The Seven Spirits Before the Throne

   In order to understand any true Mystery drama, however, we must set aside our ordinary materialistic view of the cosmos and learn to see it through the eyes of imagination, in which all is life, and the starry bodies themselves are borne on their aerial courses by winged Archangels, whose chant constitutes the Music of the Spheres. Goethe describes the tone of the Sun as a "thunder-sound" as it rises above the eastern horizon.

   We may say that each of the planets belonging to this solar system emanates its own distinctive stream of psycbo-spiritual forces, which, impinging upon the physical world, are tabulated as "laws of nature" by scientists.

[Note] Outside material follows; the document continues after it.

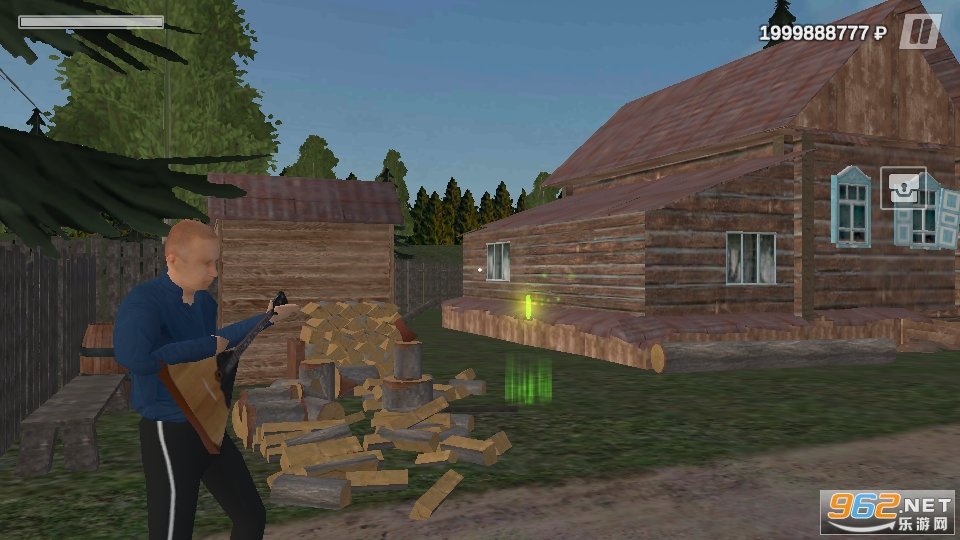 ����˹���ģ����(Russian Village Simulator 3D)��ͼ3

   The power emanations of Mercury on the outer or exoteric Plane manifest as chemical forces (the radioactive forces come more properly under Uranus), and on the inner or esoteric plane as certain subtile vibrations necessary to all psycho-spiritual unfoldment, with particular reference to the illumination of the reason. The power emanations of Venus on the outer or exoteric plane express as cohesion, and on the inner or esoteric as the attraction and magnetism of love. Venus, more easily than most, is transmuted into the fiery pure gold of spiritual love in the Initiate.

   The power emanations of Mars on the outer or exoteric plane manifest as activity, on the inner or esoteric plane as psychic energy, the quality of which varies according as the ego is "old" or "young" in its evolution.

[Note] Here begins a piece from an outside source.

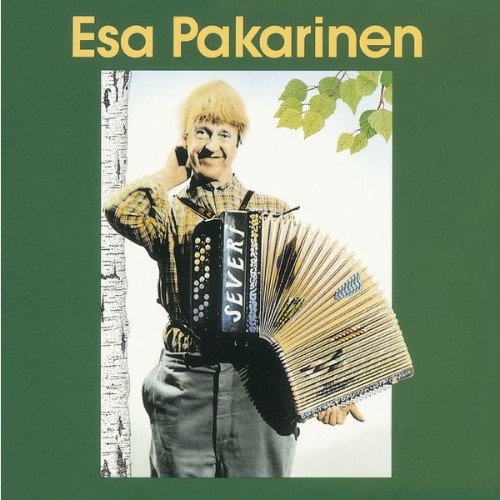 Esa Pakarinen - Esa Pakarinen - 2008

   The power emanations of Jupiter on the outer or exoteric plane manifest as expansion, on the inner or esoteric plane as beneficence, brotherhood. The Jupiter Initiate is the beloved elder brother of all the world.

   The power emanations of Saturn on the outer or exoteric plane manifest in the forces of contraction, on the inner or esoteric plane as affliction, limitation, sorrow; or, in the Initiate, Saturn's forces enable him to achieve the consciousness of universal Law active within the consciousness, by means of which the Initiate becomes the ally of the Intelligence which guides the destiny of the world.

   The power emanations of Uranus on the outer or exoteric plane are electro-etheric vibrations, and on the inner or esoteric plane, compassion or universal sympathy. The Uranus Initiate seeks through new science to girdle the Earth in the fellowship of Spirit, Truth.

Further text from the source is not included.